### PROVIDED ENTRIES

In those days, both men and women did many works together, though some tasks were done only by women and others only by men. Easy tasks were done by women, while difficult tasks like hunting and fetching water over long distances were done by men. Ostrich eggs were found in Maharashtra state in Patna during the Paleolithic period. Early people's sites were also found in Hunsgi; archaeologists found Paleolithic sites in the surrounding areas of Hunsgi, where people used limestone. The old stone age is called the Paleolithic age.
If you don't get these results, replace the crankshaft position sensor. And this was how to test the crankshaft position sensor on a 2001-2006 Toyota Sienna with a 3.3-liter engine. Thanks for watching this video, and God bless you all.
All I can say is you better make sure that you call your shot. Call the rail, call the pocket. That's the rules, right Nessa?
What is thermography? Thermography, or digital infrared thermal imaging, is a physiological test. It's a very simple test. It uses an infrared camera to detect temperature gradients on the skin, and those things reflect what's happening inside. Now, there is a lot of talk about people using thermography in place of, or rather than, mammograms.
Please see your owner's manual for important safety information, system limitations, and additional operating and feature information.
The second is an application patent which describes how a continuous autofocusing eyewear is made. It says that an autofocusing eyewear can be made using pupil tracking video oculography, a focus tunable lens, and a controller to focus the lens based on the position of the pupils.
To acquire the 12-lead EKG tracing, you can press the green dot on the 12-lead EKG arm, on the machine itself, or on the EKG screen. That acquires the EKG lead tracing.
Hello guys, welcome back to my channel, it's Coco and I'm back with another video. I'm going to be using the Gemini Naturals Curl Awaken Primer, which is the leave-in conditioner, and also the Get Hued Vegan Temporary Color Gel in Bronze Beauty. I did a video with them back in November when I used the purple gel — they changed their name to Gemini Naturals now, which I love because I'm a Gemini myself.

######
### PROVIDED ENTRIES

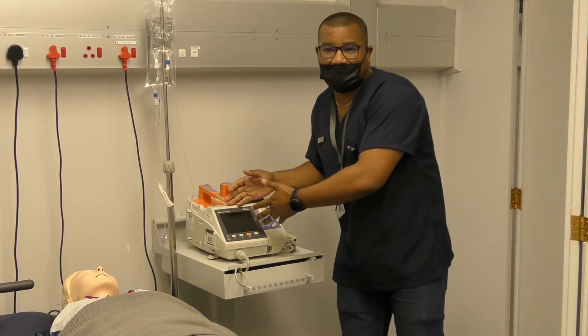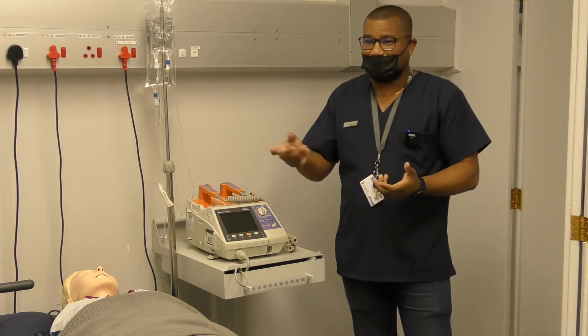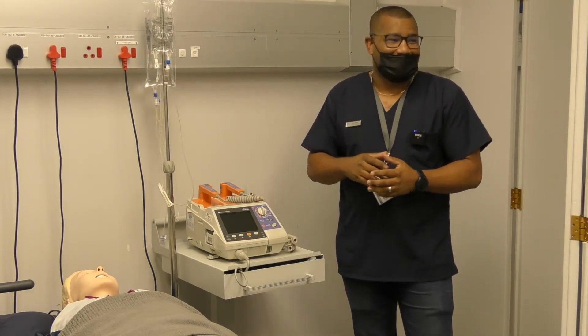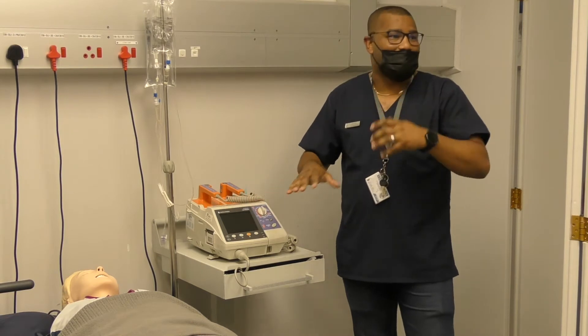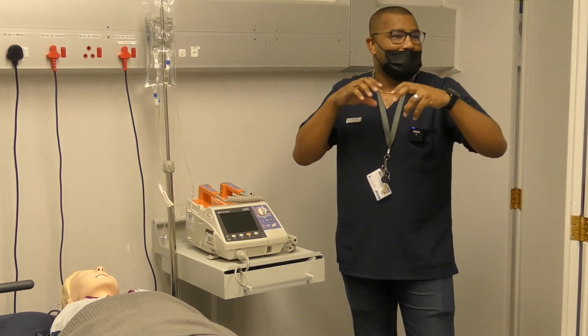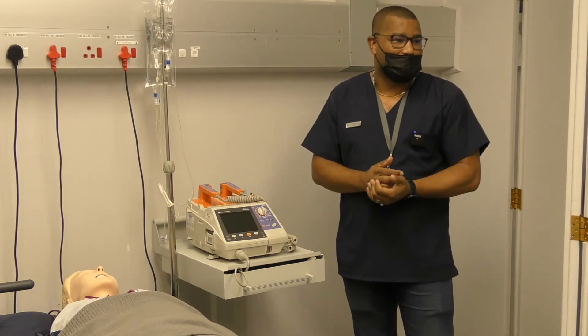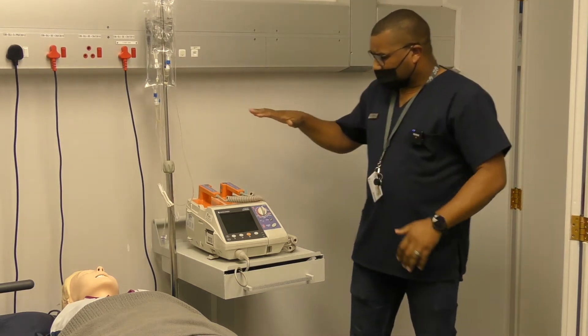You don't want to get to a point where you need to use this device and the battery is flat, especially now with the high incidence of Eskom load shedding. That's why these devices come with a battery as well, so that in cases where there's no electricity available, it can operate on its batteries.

######
### PROVIDED ENTRIES

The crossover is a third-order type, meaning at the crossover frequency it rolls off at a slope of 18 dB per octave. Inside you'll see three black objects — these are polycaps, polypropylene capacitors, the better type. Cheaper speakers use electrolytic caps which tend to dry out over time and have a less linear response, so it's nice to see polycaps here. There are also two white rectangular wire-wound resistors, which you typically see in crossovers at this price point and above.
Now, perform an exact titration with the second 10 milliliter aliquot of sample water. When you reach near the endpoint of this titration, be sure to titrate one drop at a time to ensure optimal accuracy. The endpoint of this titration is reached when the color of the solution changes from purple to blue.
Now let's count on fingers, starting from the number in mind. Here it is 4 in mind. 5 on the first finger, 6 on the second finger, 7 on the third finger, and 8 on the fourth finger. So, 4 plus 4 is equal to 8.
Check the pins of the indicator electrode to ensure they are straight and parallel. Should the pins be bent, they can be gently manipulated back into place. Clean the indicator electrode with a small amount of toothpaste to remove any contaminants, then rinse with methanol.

######

-- DIRECTIONS --
Copy exactly the stretch of data above from the line with "What is thermography?" through the line with "The second is", and omit all other lines.

-- SOLUTION FOR THIS EXERCISE --
What is thermography? Thermography, or digital infrared thermal imaging, is a physiological test. It's a very simple test. It uses an infrared camera to detect temperature gradients on the skin, and those things reflect what's happening inside. Now, there is a lot of talk about people using thermography in place of, or rather than, mammograms.
Please see your owner's manual for important safety information, system limitations, and additional operating and feature information.
The second is an application patent which describes how a continuous autofocusing eyewear is made. It says that an autofocusing eyewear can be made using pupil tracking video oculography, a focus tunable lens, and a controller to focus the lens based on the position of the pupils.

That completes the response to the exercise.